The Sinfonietta is not just about the brand-new, and its legacy can be seen in the creation of a musical literature, a body of work to be returned to again and again, that can be mentioned in the same breath as the undisputed masterpieces of this blurry-edged and centuries-old tradition we still call classical music. Many of its principal players, though hugely skilled in tackling the extreme technical challenges the Sinfonietta’s programming requires of them, also hold principal positions in London’s leading symphony orchestras, and bring with them the depth of experience and musical insight that a regular diet playing Beethoven, Brahms, Mahler and Stravinsky at the highest level all but guarantees. 

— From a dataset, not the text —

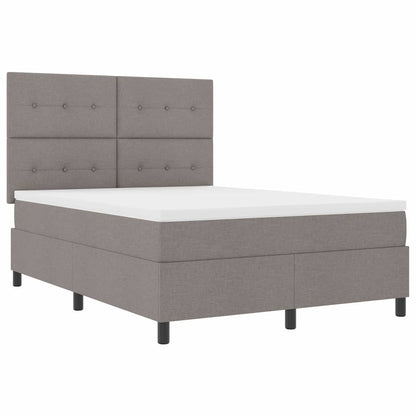 Letto a molle con strisce LED Talpa 160 x 200 cm Tessuto | homemem39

As a result, the artistic philosophy and flexibility of the ensemble, its approach to the music it plays, is the same whether performing an experimental world première, a 1960s classic, a early-20th-century work (Warlock’s The Curlew a recent example), or indeed when exploring a genre that fuses the worlds of jazz and contemporary-classical, such as the relationship with Marius Neset that reaches its third instalment at the 2022 Proms. Marius NesetMy impressions so far from the incredibly exciting score of Geyser I now have in my hands is that Marius is developing his compositional attitude yet further. Since Viaduct, he has written a saxophone concerto for himself and the Bergen Philharmonic in his native Norway, as well as a large-scale orchestral piece for the same orchestra, proving with these works an astonishing ability to write his music without jazz rhythm section, and in the latter without a single jazz musician involved. 

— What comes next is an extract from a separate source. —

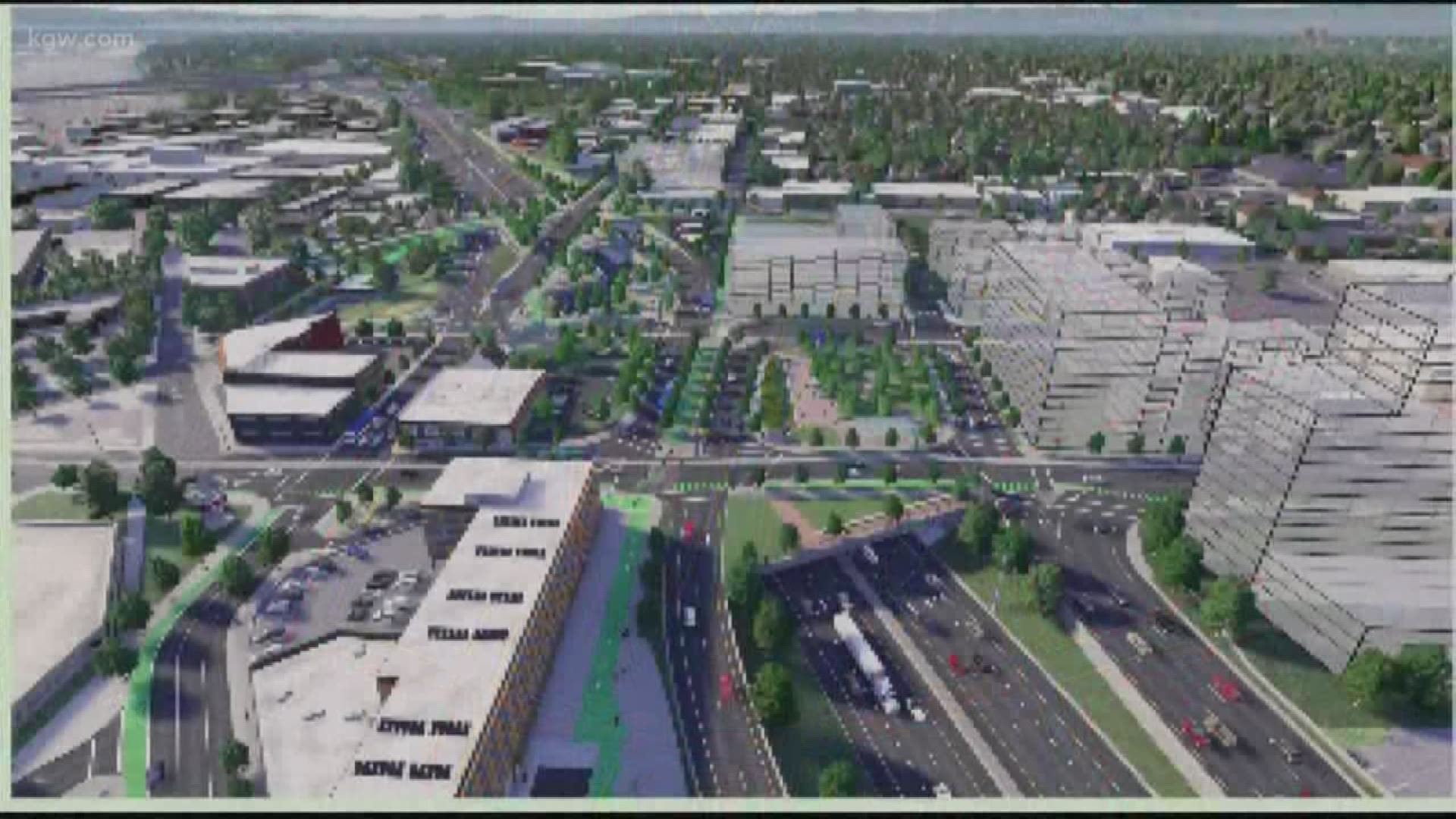 The latest on the I-5 expansion plan.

They reveal even more clearly than in Snowmelt and Viaduct the deep influence Marius (pictured above) draws from some of the great composers of the 20th Century - Stravinsky, Messiaen, Ligeti, also looking back to Mahler - without losing any of the intensely individual musical personality that is already distinct in his early saxophone solo Old Poison (XL), a polyrhythmic primer worthy of Nancarrow. 

Tomorrow, we will share this new work Geyser with the world, live at the BBC Proms and on BBC Radio 3.  It’s a project that fits so well within the gloriously rich and varied repertoire that the London Sinfonietta has helped to build and nurture since its founding in 1968, and it’s a source of great pride yet again to have been given the trust and privilege to steer this collaboration between one of the world’s most gifted jazz musicians and Britain’s pre-eminent modern-music ensemble.